RECORDS FOR THE TASK:
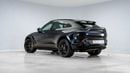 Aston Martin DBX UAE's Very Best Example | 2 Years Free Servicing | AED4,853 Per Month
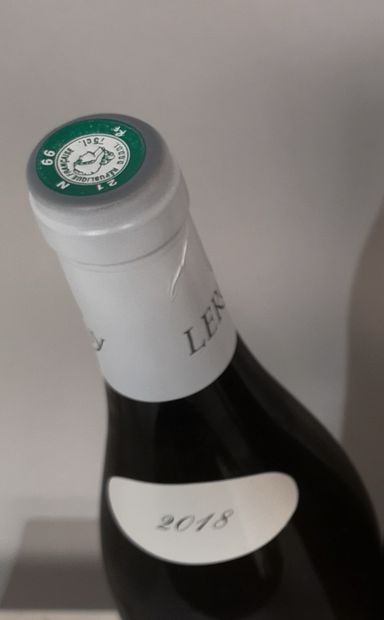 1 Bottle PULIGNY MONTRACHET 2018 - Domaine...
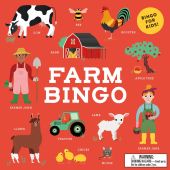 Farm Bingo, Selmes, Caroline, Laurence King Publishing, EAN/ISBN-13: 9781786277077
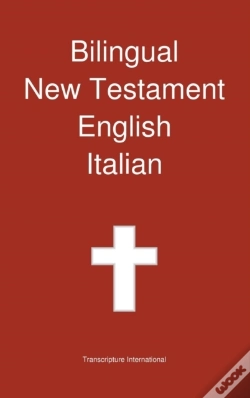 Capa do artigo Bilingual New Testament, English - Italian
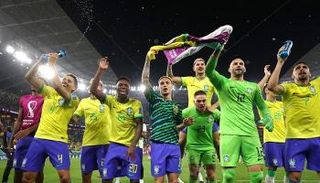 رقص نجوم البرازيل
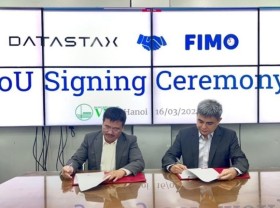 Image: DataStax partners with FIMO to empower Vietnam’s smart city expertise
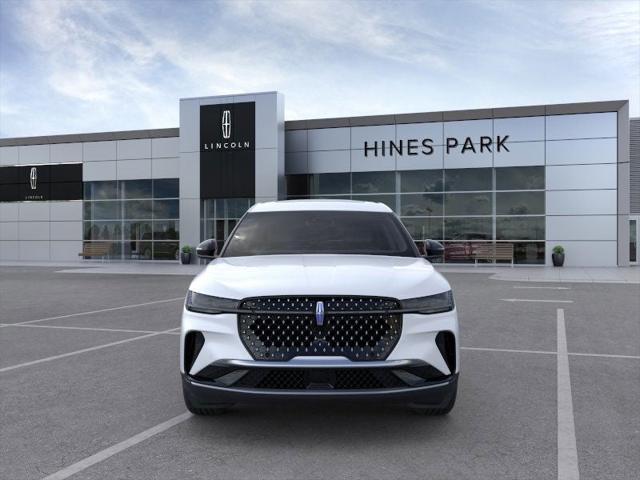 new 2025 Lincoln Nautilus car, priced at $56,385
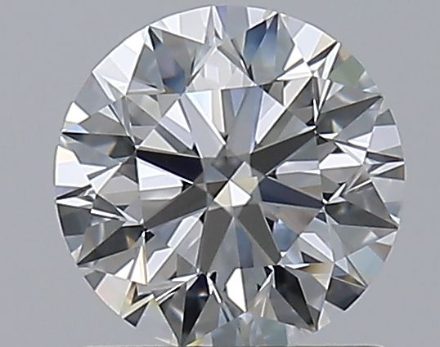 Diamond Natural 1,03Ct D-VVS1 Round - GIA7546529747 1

---

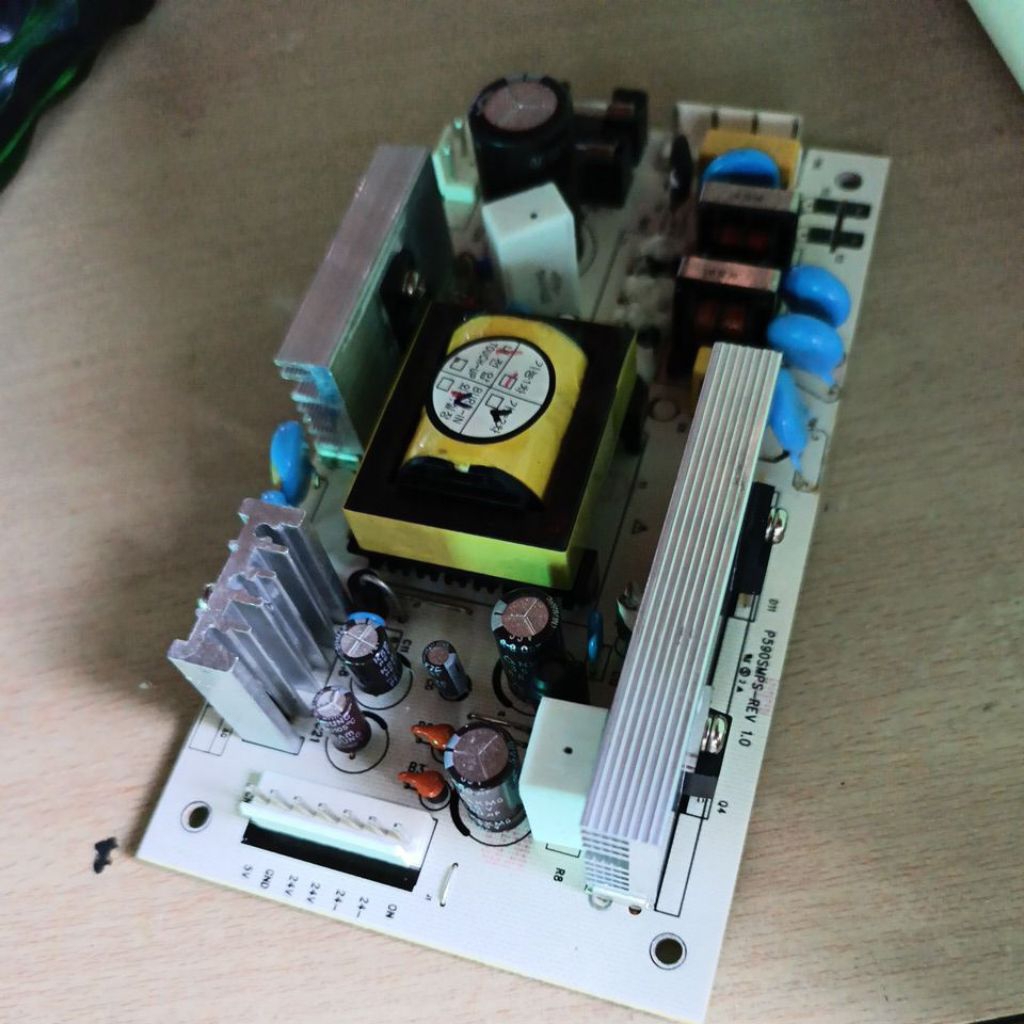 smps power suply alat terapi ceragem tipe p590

YOUR TASK: Excerpt from the records above: set down only the lines from the one that contains "Image: DataStax partners" through the one that contains "Diamond Natural 1,03Ct", inclusive, word for word. Pictures stay out.

EXERCISE SOLUTION:
 Image: DataStax partners with FIMO to empower Vietnam’s smart city expertise
 new 2025 Lincoln Nautilus car, priced at $56,385
 Diamond Natural 1,03Ct D-VVS1 Round - GIA7546529747 1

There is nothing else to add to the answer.